Après Le coupable, Gustav Möller, auteur du scénario de Sidse Babett Knudsen, nous enferme dans un lieu que l’humanité semble avoir déserté avec Des sons, Prix Sang Nouveau au 4ème Festival du Film Policier de Reims. Un confinement physique, claustrophobe, mais aussi psychologique.
Prison, vie et mort
Le réalisateur danois a tourné dans des décors naturels à Vridsløselille, une prison près de Copenhague désaffectée depuis 2018. La vétusté des lieux contribue à rendre l’atmosphère plus étouffante. Eva subit donc une métamorphose à l’arrivée de Mikkel, l’assassin de son fils. A son contact, elle sera différente. Et c’est la force de Gustav Möller de capter toutes les nuances du parcours de la mère blessée.

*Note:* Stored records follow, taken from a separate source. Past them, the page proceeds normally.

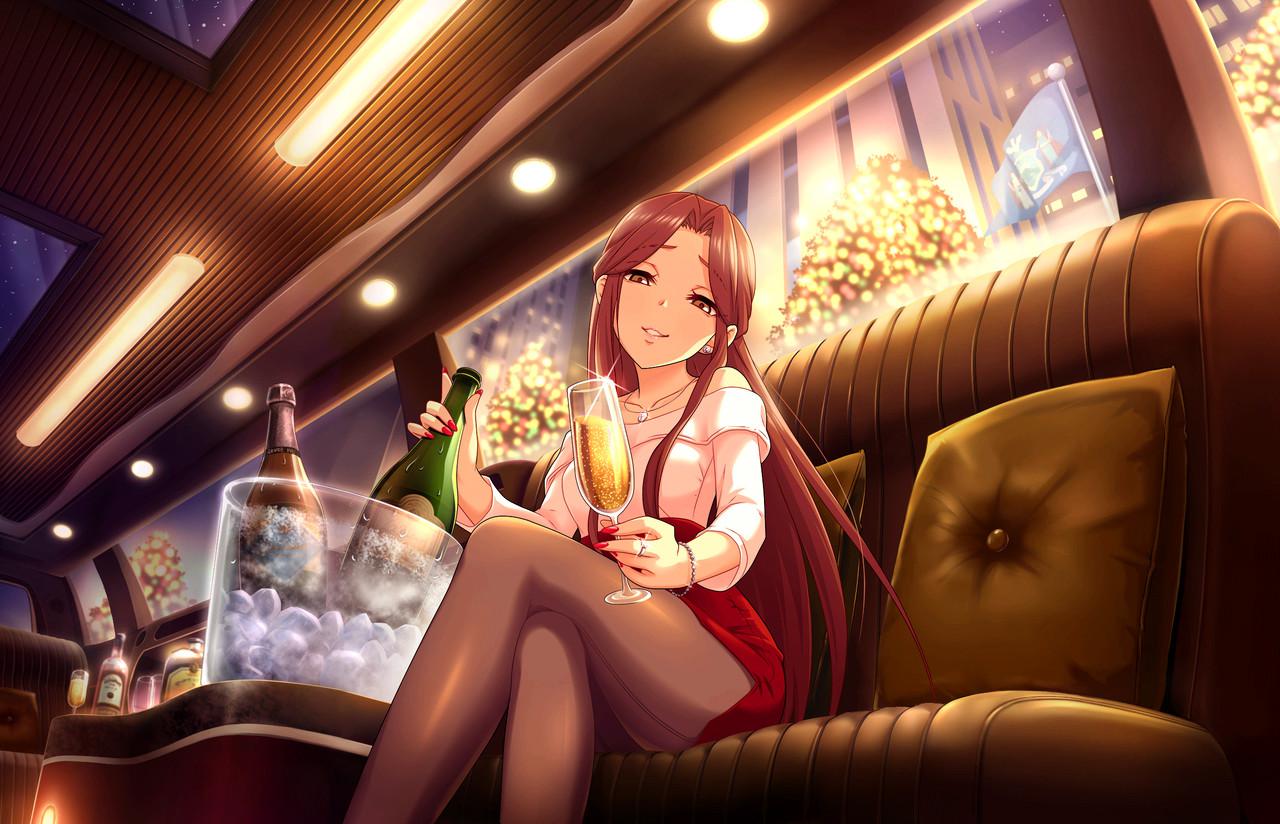 1girl alcohol artist_request brown_eyes brown_hair champagne cup drinking_glass earrings idolmaster idolmaster_cinderella_girls idolmaster_cinderella_girls_starlight_stage jewelry jpeg_artifacts legs_crossed long_hair nail_polish necklace official_art pantyhose red_skirt ring skirt solo wine_glass zaizen_tokiko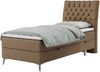 Boxspringbett MILEN, Einzelbett 90x200, Polsterbett mit Multipocket-Matratze und Topper - Braun Kunstleder - rechts - H4 Bild 2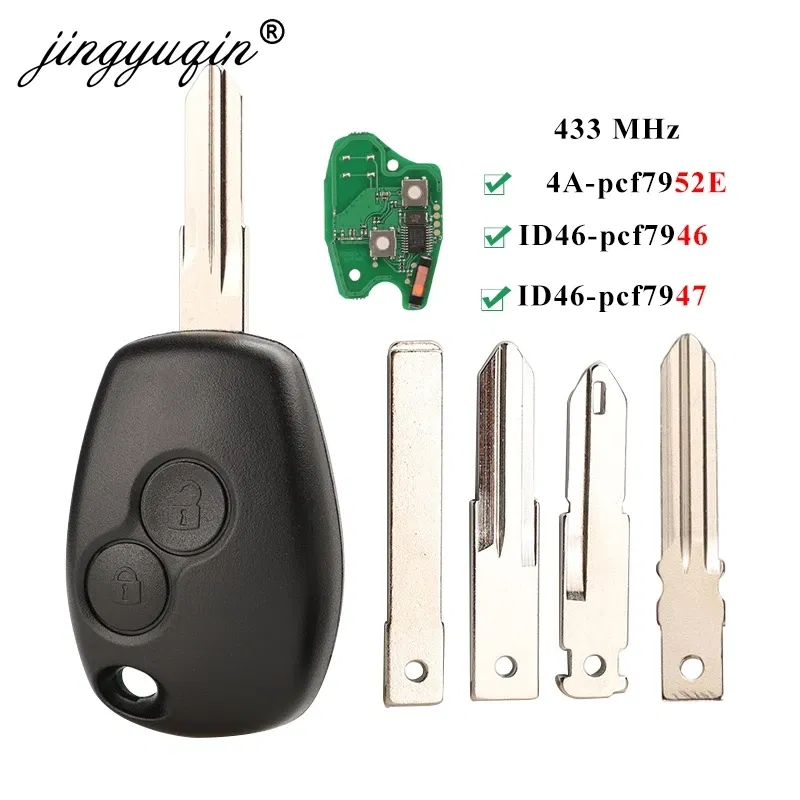 Color: GRAY, Number of Buttons: 2 Buttons - jingyuqin 2BTN Remote Key For Renault Duster Modus Clio 3 Twingo DACIA Logan Sandero Kangoo 433MHz PCF7946 PCF7947 pcf7952E Chip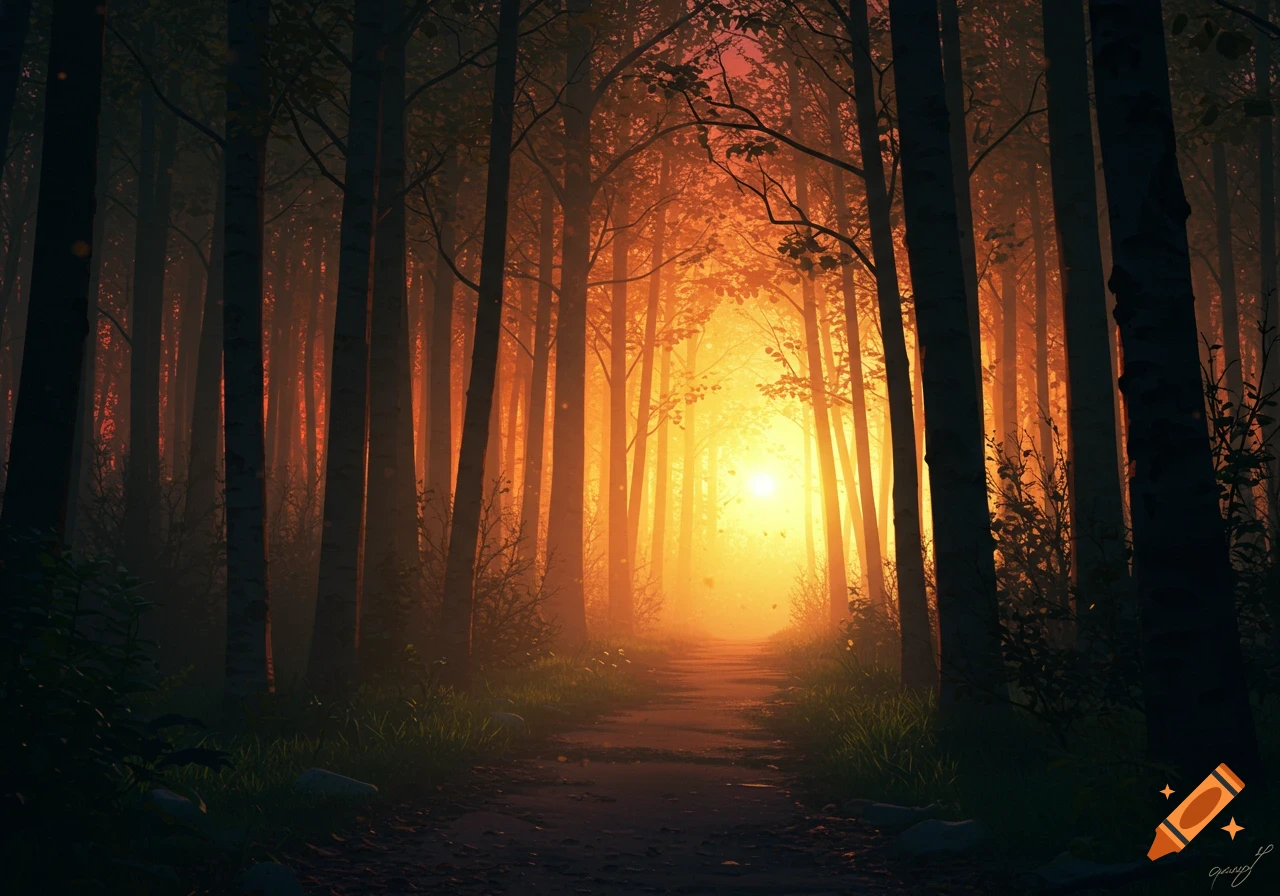 A dirt path winds through a dark forest, silhouetted trees against a brilliant orange and yellow sunset in the distance.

Le réalisateur explore la vengeance, le pardon et la rédemption. Une personne condamnée a-t-elle droit à une seconde chance ? “Chaque prison est le miroir de la société qui l’a construite. J’ai le sentiment que c’est le cas au Danemark et dans la plupart des pays européens d’ailleurs… Nous n’avons toujours pas décidé du modèle de prisons que nous voulons mettre en place et, par extension, de notre modèle de société. Sommes-nous des êtres rationnels ou émotifs ? Croyons-nous au pardon et à la réintégration ? Ou préférons-nous la vengeance et la punition ? Actuellement, le système judiciaire tente de concilier les deux approches, même si elles sont complètement contradictoires. » note Gustav Möller.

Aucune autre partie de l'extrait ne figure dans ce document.